Lo que enamora,¡esenamora!

Estas mujeres vienen de a dos y se quejan, una de lo contrario de lo que se queja la otra. Uno diría: que vayan a un club de swingers emocionales y se intercambien. Mmmm... no va a andar. Estas mujeres, pase lo que pase, se seguirán quejando de lo que tengan al lado. La queja en algún momento se independiza del objeto que le dio origen. Es como un catarro crónico.

Una de ellas se queja de que el marido no la deja dormir: él quiere sexo. Y ella es madre, está cansada, tiene la libido en pañales, a las once se quiere ir a dormir, y siente cómo él la palpa como un guardiacárcel respetuoso, y a veces ella se deja, pero eso a él no lo deja conforme (¡pretende que encima tenga ganas!). La otra se queja de que se lo pasa llevándose tipos a la casa para tener aventuras descontroladas, pero ellos se le duermen. Los tipos sensibles que ella va recolectando en bares o fiestas le cuentan sus problemas, sus dolores existenciales, y mientras ella va al baño a prepararse, se le quedan dormidos.

Y otra mujer se queja de que el hombre con el que empezó a salir no quiere compromisos. Hace dos años que están juntos, pero él todavía no le dijo dónde vive ni le presentó a uno solo de sus amigos. Y viene otra que se queja de que está saliendo con un hombre que en la tercera cita ya le pidió un juego de llaves de su departamento, uno de esos que mean el territorio y dejan al descuido un cepillo de dientes o, si son un poco analizados, un atado de cigarrillos en la mesa de luz, ¡aunque no fumen!

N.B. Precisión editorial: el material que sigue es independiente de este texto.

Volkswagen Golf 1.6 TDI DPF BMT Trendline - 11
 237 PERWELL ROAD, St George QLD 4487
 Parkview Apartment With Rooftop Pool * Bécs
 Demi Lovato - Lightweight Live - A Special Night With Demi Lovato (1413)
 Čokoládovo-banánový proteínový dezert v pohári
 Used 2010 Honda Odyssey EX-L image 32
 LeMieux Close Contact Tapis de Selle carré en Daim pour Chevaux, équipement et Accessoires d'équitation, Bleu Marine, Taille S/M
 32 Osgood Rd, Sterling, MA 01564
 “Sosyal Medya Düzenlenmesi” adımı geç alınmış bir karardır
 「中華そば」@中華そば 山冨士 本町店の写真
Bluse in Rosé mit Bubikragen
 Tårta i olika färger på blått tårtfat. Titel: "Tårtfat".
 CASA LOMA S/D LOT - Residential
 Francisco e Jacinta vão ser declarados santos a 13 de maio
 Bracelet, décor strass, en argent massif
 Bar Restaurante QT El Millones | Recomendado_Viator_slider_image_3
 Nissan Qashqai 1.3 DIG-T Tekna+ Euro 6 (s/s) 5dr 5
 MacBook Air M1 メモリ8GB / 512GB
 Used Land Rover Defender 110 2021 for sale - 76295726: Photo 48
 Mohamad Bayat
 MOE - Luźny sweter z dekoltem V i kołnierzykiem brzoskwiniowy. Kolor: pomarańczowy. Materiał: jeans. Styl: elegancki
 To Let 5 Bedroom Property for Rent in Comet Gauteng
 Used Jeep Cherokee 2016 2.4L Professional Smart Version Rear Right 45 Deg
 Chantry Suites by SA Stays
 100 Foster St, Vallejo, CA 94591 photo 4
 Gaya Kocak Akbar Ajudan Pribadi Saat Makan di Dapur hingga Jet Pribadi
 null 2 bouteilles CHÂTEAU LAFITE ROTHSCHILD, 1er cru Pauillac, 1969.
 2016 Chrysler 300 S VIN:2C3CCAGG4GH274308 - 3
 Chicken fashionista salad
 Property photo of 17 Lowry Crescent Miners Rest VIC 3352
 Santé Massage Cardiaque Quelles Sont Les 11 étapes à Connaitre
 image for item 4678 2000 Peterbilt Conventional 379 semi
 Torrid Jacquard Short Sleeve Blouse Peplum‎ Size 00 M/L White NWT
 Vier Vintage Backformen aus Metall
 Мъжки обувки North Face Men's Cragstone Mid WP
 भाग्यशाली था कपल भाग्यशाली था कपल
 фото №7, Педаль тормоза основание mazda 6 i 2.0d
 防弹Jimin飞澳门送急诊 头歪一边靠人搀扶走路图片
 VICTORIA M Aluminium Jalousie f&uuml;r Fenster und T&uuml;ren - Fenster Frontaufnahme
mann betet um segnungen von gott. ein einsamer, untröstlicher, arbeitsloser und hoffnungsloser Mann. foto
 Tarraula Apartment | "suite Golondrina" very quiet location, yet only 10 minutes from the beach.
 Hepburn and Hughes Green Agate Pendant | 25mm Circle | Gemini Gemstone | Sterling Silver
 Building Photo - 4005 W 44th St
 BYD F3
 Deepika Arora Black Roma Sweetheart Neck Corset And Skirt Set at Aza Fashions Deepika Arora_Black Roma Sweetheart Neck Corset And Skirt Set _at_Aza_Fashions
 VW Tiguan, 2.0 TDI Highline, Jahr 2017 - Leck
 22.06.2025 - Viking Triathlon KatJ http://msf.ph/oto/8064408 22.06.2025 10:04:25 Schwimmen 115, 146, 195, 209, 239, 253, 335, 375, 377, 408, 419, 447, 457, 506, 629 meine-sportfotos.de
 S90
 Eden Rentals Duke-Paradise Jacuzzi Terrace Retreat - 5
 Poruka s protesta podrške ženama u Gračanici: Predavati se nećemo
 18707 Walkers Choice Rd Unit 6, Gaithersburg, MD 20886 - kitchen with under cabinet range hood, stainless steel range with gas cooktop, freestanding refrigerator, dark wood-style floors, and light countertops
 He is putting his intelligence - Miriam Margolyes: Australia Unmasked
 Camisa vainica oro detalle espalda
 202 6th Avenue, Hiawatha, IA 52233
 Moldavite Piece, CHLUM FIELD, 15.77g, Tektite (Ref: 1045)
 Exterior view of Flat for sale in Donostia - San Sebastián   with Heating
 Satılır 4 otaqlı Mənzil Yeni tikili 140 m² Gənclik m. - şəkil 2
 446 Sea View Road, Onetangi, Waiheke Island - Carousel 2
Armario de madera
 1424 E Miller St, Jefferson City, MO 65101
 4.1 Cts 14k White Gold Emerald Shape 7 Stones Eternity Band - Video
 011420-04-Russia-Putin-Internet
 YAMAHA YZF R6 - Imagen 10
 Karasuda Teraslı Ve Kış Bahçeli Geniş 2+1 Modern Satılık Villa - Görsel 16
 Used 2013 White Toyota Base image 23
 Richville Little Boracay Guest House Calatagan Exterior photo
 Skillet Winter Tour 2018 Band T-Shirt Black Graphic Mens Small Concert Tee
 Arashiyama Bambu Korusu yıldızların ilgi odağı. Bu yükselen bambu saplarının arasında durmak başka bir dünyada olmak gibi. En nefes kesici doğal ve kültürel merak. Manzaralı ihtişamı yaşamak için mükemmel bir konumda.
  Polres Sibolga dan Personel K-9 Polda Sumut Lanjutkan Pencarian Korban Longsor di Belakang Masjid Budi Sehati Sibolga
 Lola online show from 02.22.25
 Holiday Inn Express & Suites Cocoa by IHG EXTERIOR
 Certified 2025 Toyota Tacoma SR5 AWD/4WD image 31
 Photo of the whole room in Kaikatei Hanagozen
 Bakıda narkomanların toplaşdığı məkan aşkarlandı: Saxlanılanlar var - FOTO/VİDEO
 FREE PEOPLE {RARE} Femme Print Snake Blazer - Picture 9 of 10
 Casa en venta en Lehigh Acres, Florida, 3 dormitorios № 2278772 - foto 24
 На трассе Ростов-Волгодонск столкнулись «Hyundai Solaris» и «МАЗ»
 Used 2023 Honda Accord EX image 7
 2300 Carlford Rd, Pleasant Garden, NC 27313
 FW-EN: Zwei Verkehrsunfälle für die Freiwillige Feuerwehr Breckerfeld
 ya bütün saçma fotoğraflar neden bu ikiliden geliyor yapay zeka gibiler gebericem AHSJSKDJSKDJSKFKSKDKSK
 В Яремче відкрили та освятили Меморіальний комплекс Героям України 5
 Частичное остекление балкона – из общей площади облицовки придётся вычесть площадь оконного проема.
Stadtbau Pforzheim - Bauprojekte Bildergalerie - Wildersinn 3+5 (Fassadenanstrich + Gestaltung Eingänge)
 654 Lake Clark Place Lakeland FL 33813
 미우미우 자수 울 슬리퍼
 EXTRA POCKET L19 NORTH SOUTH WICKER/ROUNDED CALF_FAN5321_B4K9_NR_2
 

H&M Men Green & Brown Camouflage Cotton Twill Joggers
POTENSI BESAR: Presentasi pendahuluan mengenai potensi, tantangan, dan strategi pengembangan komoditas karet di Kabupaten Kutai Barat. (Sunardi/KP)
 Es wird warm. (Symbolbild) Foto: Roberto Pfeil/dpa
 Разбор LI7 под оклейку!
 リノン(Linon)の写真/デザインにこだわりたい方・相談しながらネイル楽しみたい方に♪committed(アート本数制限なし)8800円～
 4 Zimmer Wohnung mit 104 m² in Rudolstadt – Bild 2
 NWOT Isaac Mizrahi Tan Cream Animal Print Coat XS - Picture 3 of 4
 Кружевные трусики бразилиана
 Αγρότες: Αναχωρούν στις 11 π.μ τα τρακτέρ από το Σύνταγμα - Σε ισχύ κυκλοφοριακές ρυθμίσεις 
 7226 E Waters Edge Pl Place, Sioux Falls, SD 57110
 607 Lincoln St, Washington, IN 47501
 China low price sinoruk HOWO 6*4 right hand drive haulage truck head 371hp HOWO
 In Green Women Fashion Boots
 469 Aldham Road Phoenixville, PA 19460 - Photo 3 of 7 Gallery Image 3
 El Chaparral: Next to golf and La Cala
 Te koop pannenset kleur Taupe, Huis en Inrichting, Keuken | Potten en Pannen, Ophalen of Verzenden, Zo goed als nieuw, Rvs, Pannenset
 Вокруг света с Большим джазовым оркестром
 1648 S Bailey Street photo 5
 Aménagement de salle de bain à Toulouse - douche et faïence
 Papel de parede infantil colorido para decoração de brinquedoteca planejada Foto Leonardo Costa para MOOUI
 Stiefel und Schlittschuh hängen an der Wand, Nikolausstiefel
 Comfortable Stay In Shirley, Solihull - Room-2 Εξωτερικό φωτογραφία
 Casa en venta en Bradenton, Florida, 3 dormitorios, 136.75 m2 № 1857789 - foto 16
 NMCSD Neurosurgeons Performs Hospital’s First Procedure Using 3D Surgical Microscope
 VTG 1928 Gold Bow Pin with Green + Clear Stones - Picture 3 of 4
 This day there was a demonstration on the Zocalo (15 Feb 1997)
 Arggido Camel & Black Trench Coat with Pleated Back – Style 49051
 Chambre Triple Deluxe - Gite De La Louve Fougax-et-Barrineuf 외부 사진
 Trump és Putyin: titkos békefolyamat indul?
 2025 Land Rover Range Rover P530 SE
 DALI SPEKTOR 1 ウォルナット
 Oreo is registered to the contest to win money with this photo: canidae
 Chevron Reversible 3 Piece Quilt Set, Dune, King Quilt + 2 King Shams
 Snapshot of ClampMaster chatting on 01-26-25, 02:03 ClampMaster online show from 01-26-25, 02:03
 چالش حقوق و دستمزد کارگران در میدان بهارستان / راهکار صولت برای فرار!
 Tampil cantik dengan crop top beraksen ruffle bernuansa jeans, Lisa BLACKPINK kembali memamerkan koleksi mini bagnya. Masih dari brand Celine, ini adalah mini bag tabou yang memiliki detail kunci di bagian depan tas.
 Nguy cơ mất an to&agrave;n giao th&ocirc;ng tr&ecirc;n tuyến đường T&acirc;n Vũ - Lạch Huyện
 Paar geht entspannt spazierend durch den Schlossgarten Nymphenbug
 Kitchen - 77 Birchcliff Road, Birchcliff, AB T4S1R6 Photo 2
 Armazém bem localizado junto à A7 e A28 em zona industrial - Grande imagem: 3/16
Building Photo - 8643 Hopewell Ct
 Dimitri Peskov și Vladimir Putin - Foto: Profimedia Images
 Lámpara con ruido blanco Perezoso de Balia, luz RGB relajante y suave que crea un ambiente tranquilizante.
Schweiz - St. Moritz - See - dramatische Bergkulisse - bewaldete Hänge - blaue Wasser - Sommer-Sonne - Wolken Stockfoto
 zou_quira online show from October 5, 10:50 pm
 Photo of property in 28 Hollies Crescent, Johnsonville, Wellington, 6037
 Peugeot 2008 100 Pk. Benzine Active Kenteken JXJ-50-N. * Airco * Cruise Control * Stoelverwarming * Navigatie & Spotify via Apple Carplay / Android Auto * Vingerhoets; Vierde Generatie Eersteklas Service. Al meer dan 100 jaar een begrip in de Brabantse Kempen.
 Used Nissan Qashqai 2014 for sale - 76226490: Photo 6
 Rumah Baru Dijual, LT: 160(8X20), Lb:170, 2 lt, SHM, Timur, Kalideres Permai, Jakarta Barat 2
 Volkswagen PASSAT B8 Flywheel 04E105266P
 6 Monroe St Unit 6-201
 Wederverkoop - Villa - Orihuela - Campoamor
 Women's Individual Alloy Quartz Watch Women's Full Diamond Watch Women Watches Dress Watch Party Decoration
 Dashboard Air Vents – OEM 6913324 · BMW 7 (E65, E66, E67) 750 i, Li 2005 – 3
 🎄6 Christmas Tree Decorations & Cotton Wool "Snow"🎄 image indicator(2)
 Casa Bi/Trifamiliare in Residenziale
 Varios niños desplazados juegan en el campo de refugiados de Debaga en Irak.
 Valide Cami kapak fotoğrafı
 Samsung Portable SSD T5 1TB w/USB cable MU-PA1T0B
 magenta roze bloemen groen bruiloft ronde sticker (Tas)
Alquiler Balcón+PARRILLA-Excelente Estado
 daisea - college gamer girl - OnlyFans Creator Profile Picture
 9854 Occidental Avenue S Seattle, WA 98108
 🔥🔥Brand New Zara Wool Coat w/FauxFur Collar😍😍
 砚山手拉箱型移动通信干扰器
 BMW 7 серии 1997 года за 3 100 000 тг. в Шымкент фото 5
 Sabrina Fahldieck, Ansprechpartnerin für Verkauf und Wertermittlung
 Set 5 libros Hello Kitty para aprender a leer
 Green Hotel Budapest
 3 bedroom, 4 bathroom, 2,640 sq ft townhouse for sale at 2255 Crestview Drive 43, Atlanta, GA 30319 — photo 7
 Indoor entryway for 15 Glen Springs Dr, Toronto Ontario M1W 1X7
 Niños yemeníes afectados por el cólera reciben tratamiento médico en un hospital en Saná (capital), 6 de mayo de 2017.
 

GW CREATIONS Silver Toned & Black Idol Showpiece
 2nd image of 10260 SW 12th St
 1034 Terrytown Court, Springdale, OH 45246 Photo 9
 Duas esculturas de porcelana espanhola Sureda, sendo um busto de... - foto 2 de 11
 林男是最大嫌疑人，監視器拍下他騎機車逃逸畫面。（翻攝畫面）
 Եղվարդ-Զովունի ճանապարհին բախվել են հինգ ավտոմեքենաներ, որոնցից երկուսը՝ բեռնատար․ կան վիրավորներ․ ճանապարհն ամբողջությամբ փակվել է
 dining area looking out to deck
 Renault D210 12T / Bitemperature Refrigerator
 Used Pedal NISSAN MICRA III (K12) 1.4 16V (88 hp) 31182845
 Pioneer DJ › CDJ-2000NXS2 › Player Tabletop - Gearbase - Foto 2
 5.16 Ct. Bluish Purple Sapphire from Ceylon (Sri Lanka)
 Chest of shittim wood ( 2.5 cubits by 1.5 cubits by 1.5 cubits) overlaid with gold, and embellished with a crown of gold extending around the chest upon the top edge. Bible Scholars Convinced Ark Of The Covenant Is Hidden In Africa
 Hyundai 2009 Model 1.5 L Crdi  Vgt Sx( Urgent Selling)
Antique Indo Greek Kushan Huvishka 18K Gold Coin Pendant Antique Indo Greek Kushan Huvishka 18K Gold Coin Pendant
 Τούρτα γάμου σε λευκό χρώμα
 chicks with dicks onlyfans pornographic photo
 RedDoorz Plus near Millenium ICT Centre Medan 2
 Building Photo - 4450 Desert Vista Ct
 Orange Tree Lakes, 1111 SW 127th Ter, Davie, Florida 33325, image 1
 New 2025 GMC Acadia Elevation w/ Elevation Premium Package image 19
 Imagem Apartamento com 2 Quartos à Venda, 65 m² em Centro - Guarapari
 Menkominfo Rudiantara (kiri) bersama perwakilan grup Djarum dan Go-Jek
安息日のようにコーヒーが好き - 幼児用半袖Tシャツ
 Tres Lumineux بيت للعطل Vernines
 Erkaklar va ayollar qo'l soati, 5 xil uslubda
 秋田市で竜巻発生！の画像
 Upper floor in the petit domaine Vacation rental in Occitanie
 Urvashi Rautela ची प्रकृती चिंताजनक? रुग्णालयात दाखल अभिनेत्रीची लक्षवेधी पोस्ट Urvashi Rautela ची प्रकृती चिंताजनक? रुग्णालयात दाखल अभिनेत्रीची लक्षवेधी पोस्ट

Y otra se queja de que el tipo es celoso, de que no la deja ir sola a ningún lado, de que la llama cuatro veces por día para saber qué hace y con quién está. Pero la que sigue se queja de que su novio no es celoso, nunca se pone celoso, ni cuando ella le cuenta mentiras para ver si él reacciona; dice que él es un témpano, un iglú, o peor: ¡un entregador!

Y otra se queja de que el casado con el que sale no se separa, que hace años que le pone pretextos, que está harta de pasar los fines de semana sola (y las fiestas, y los cumpleaños, y los feriados), y de imaginarlo junto a esa mujer desabrida y frígida que él detesta pero con la que, sin embargo, sigue durmiendo todas las noches. Pero claro que después llega la que se queja de que él... se separó. Y como los hombres no saben separarse sino apenas cambiar de mujer, ahora lo tiene instalado en el departamento, pero ya no para revolcarse con ella en un éxtasis epifánico, como antes, sino mirando TyC y comiendo papas fritas.

En fin, éstas son solamente algunas de las cosas que dicen las mujeres que les hacen los hombres. Cosas primero escritas y ahora actuadas, en un pasaje de soporte sorprendente para alguien, como quien suscribe, que nunca tuvo en mente que sus palabras estuvieran en boca de tres actrices. De lo que sí estoy segura es de que los monólogos de No sabés lo que me hizo están todos los días en boca de muchas mujeres.